Polish has much more complicated case system than English. We have 7 cases.
Nominative is a "dictionary" form of word (in singular) is a case used for subject of the sentence, when the noun/pronoun is the one "active", doing a thing, when you would use "I" in a sentence. also if a sentence has "to jest" phrase in it.
Accusative is for direct object. I see her, I eat fruit. I have a sandwich
Most verbs in Polish (in positive statements) need object in accusative case. Also there are some prepositions that need nouns in accusative.
Well, the problem is that English generally uses the form "fruit" as the plural form. If it was a singular fruit here, that would need to be "a fruit" rather than "fruit".
Now, "mieć" (to have) takes a direct object in Accusative.

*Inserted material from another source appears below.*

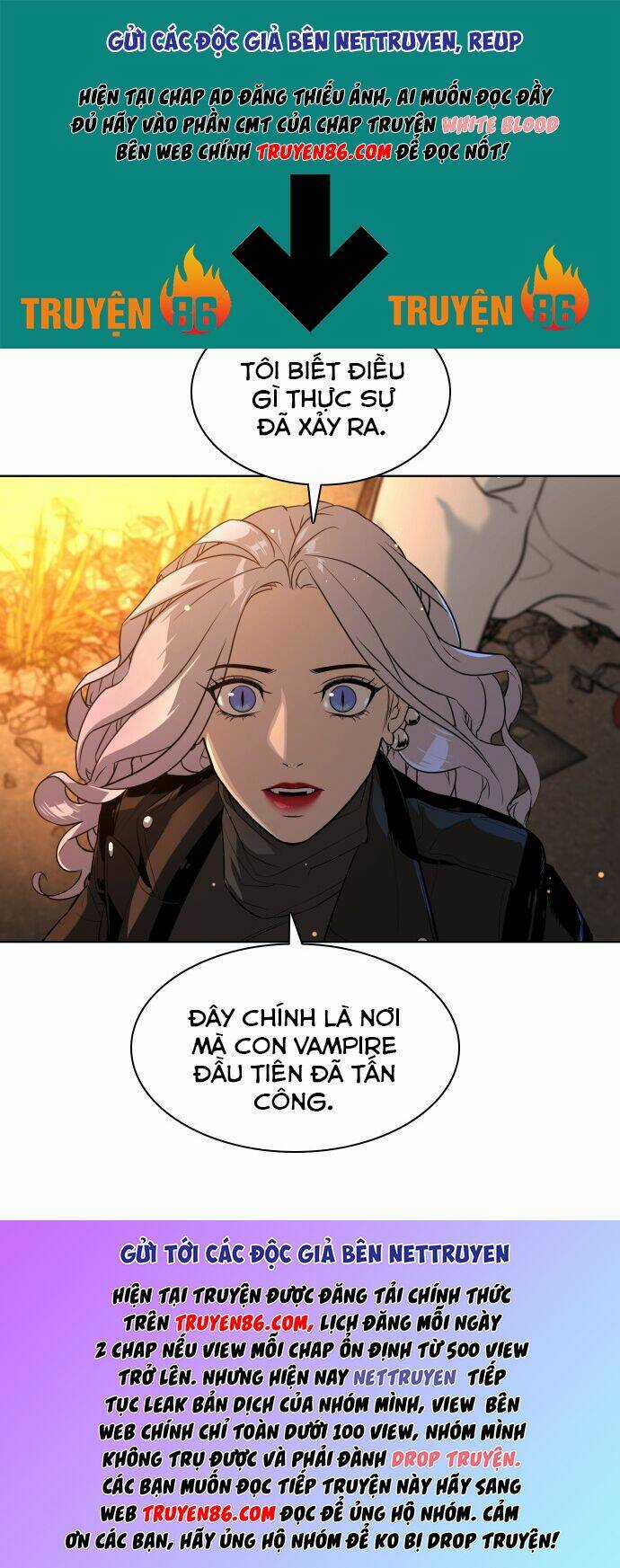 Máu Trắng - Chapter 50 - Trang 9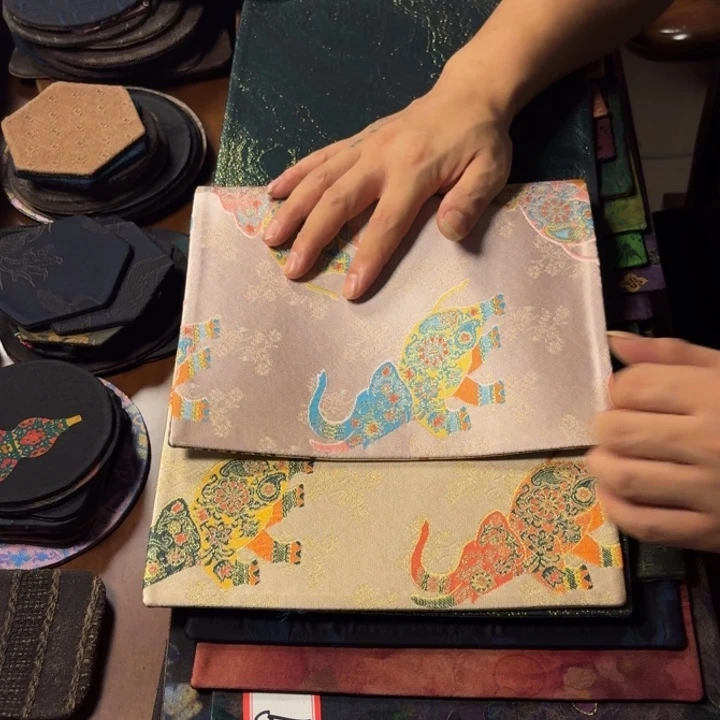 裕香阁高品质茶席50x24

In Accusative some genders have forms identical to Nominative (the basic one), and some identical to Genitive (you haven't encountered it yet, so let's just say that they 'change').
Accusative is identical to Nominative for: masculine inanimate nouns, neuter nouns, 'not masculine-personal plural' nouns (plural words that do not describe male people).

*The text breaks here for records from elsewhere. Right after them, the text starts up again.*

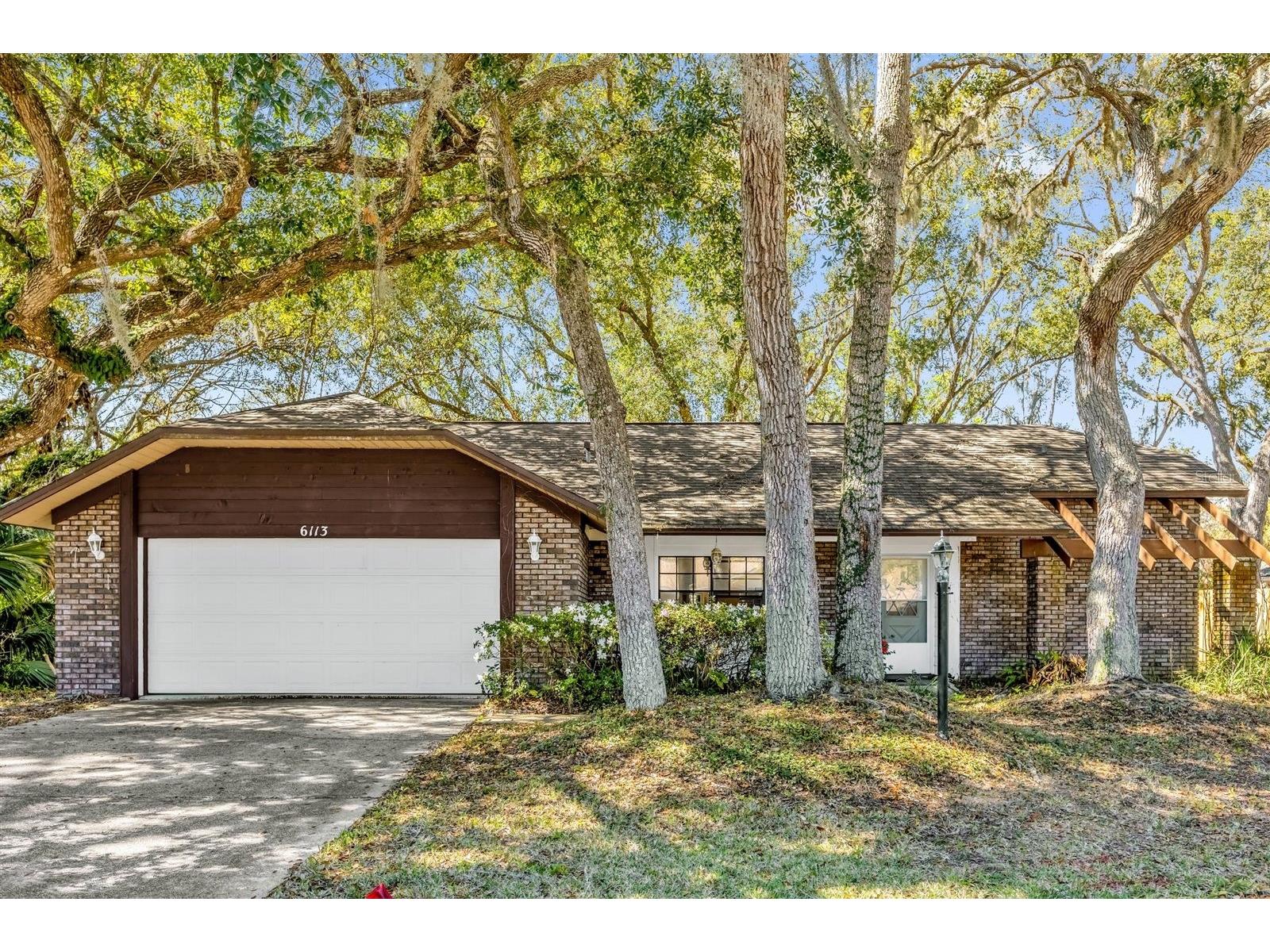 6113 Del Rio Drive Port Orange FL 32127 O6386964 image1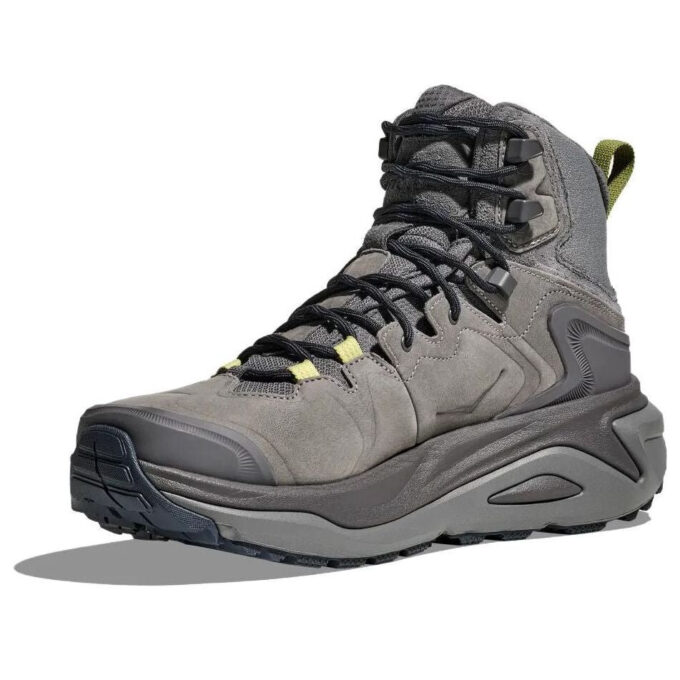 Kaha 3 GTX 'Olive Grey’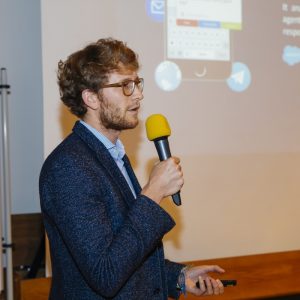 Cashwalk 2017 Pitch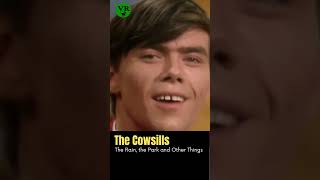 THE COWSILLS  |  THE RAIN, THE PARK AND OTHER THINGS | 1967    #shorts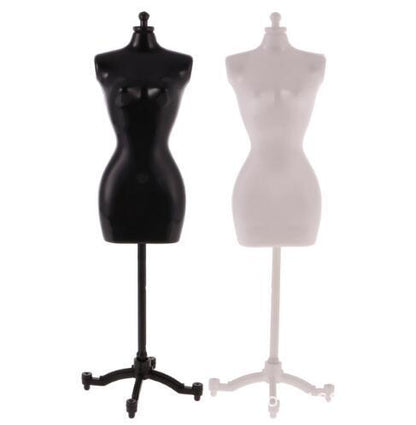 Wisaura™ Mannequin Model Stand Doll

Accusative is different (and identical to Genitive) for: masculine animate nouns, feminine nouns, 'masculine-personal plural' nouns.
"owoc" is masculine inanimate, so it would still be "owoc" in Accusative. But as here we have plural "owoce"... it's also among those that do not change their form, it's still "owoce".
Ok so in that situation, (if owoć gets treated as masculine singular animate in accusative) how would it be declined?
Cos its sort of going against what you replied originally to Kristine.
But I do realise that this is a side-issue. The original sentence is referring to plural fruits so animate or not doesnt matter- it wouldn't decline anyway as you said :)
Not all food, but mostly fruits and vegetables - although there are also some other nouns treated like that. The way they are treated may depend on the person, fruits and vegetables are those that are definitely treated as animate 'most widely'.
But that only matters for masculine singular nouns in Accusative.
Please let us know "what" it is that you feel you are guessing.
The language in general is quite difficult, but if you break it down into small steps, it eventually comes together and ties up nicely.
Of course if you mean 'generally' then I can't really help, but if you can point out anything specific that you feel you are "guessing", the chances are that someone will be able to tell u how it works :)
I am having real difficulty in how the endings change on verbs and even on nouns (kobieta kobietą etc). Is this just something that I need to go away and just learn them all by memory, because I'm struggling to understand the rules for changing them. I'm at the stage on Polish Duolingo where I seem to be guessing these endings. I'd say my Scottish Gaelic level is similar, but I seem to be getting on better with it because the rules of it make sense to me (up until now!)